Adds dynamic passthrough of all FSDP plugin params (FullyShardedDataParallelPlugin) from fsdp_config to the plugin args (future-proof, no hardcoding).

Changes

Extract fsdp_version pre-stripping to preserve it.
Skip stripping for "fsdp_version" to avoid mangling.
Dynamic copy from FullyShardedDataParallelPlugin dataclass for all fields.
Add test_fsdp_version_2_config for regression.

Repro

from transformers import TrainingArguments

args = TrainingArguments(
    output_dir="/tmp/test",
    fsdp=True,
    fsdp_config={
        "fsdp_version": 2,
        "reshard_after_forward": True,
    },
)

# Call the internal method to test argument parsing
plugin_args = args._process_fsdp_args()

# Expected output after this PR:
print(f"fsdp_version: {plugin_args['fsdp_version']}")                      # Before: 1, After: 2
print(f"reshard_after_forward: {plugin_args['reshard_after_forward']}")    # Before: None, After: True

Before submitting

This PR fixes a typo or improves the docs (you can dismiss the other checks if that's the case).
[ X ] Did you read the contributor guideline,
Pull Request section?
[ X ] Was this discussed/approved via a Github issue or the forum? Please add a link
to it if that's the case.
https://discuss.huggingface.co/t/how-to-start-fsdp2-when-using-trainer/151885
Did you make sure to update the documentation with your changes? Here are the
documentation guidelines, and
here are tips on formatting docstrings.
[ X ] Did you write any new necessary tests?

Who can review?

@SunMarc @3outeille

Anyone in the community is free to review the PR once the tests have passed. Feel free to tag
members/contributors who may be interested in your PR.

SunMarc

Thanks ! Left a few comments

SunMarc · 2025-12-02T14:22:03Z

src/transformers/training_args.py

-            fsdp_plugin_args["fsdp_version"] = self.fsdp_config.get("fsdp_version", 1)
-            prefetch_policy = self.fsdp_config.get("backward_prefetch", "NO_PREFETCH")
-            fsdp_plugin_args["backward_prefetch"] = prefetch_policy.upper()
-            fsdp_plugin_args["forward_prefetch"] = str(self.fsdp_config.get("forward_prefetch", "false")).lower()
-
-            sync_module_states = str(self.fsdp_config.get("sync_module_states", "true")).lower()
-            cpu_ram_efficient_loading = str(self.fsdp_config.get("cpu_ram_efficient_loading", "false")).lower()
-            if sync_module_states == "false" and cpu_ram_efficient_loading == "true":
-                # In this case, all the processes except the main process would have random weights leading
-                # to unexpected behaviour during training, thus throwing error here to prevent it.
-                raise ValueError('`sync_module_states` must be `"True"` if `cpu_ram_efficient_loading` is `"True"`')
-
-            # we need to set the env here as otherwise we get a warning in accelerate + we need to set it for transformers
-            fsdp_plugin_args["cpu_ram_efficient_loading"] = cpu_ram_efficient_loading
-            os.environ["FSDP_CPU_RAM_EFFICIENT_LOADING"] = cpu_ram_efficient_loading
-
-            fsdp_plugin_args["sync_module_states"] = sync_module_states
-            fsdp_plugin_args["use_orig_params"] = str(self.fsdp_config.get("use_orig_params", "true")).lower()
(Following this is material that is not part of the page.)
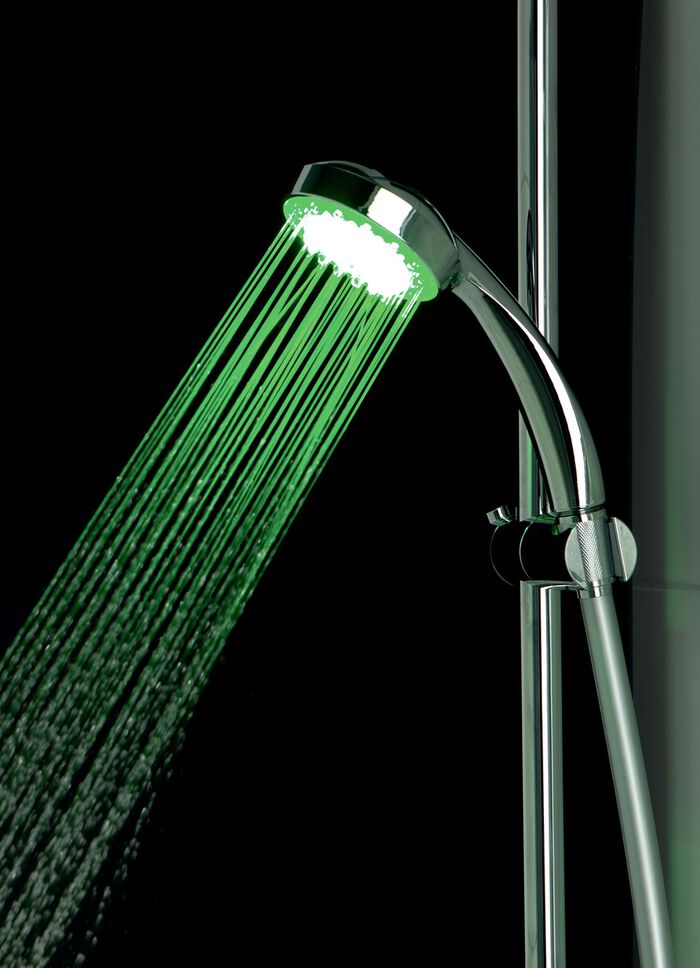LED-Duschkopf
I think it will be better to keep this for now as we can easily change default config here instead of doing it in accelerate. Also, some defaults are not the same here vs accelerate. Nevertheless, for keys that are not exposed here but we have them in FullyShardedDataParallelPlugin, it's fine to set them.

SunMarc · 2025-12-02T14:22:44Z

src/transformers/training_args.py

+                if key in self.fsdp_config and key not in fsdp_plugin_args:
+                    fsdp_plugin_args[key] = self.fsdp_config[key]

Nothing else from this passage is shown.